This chapter gives an introduction to some general Unix and GNU/Linux concepts. It is a good idea to read this chapter thoroughly if you do not have any UNIX or GNU/Linux experience. Many concepts covered in this chapter are used in this book and in GNU/Linux.
one of Linux' strengths is multi-tasking. Multi-tasking means that multiple processes can run at the same time. You might wonder why this is important to you, because most people are using one application at a time. Besides the more obvious reason that it is just handy to browse while you have a word processor running in the background, multi-tasking is a bare necessity for Unix-like systems. Even if you have launched no applications there are a bunch of processes running in the background. Some processes might provide network services, others sit there showing a login prompt on other consoles, and there is even a process that executes scheduled tasks. These processes that are running in the background are often called daemon (not to be confused with the word demon, a daemon is a protective angel). At a later stage we are going to look at how you can move processes to the background yourself (see Chapter 8).
Note: Note that on single-processor systems processes are not really running simultaneously. In reality a smart scheduler in the kernel is dividing CPU time between processes, giving the illusion that processes are running simultaneously.
Operating systems store data in filesystems. A filesystem is basically a collection of directories that hold files, like the operating system, user programs and user data. In GNU/Linux there is only one filesystem hierarchy, this means GNU/Linux doesn't have multiple drives (e.g. A:, C:, D:), like Windows. The filesystem looks like a tree, with a root directory (/) which has no parent directory, branches, and leaves (directories with no subdirectories). Directories are separated using the "/" character.

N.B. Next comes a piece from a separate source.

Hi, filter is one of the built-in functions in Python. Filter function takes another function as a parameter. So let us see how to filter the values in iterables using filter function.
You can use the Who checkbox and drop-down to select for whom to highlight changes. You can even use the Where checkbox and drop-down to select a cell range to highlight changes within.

Figure 4-1 shows the structure of a filesystem. You can see that the root directory (/) has two child directories; bin and home. The home directory has two child directories, joe and jack. The diagram shows the full pathname of each directory. The same notation is used for files. Suppose that there is a file named memo.txt in the /home/jack directory, the full path of the file is /home/jack/memo.txt.
Each directory has to special entries, ".", and "..". "." refers to the same directory, ".." to the parent directory. These entries can be used for making relative paths. Suppose that you are working in the jack directory. From this directory you can reference to the joe directory with ../joe.

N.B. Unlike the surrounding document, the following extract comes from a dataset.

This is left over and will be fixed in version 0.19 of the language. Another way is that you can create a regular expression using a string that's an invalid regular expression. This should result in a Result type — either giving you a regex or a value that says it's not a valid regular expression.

You might have started to wonder how it is possible to access other devices or partitions than the hard disk partition which holds the root filesystem. Linux uses the same approach as UNIX for accessing other mediums. Linux allows the system administrator to connect a device to any directory in the filesystem structure. This process is named "mounting". For example, one could mount the CD-ROM drive to the /cdrom directory. If the mount was correct, the files on the CD-ROM can be accessed through this directory. The mounting process is described in detail in Section 7.5.
The Filesystem Hierarchy Standard Group has attempted to create a standard that describes which directories should be available on a GNU/Linux system. Nowadays most major distributions use the Filesystem Hierarchy Standard as a guideline. This section describes some mandatory directories on GNU/Linux systems.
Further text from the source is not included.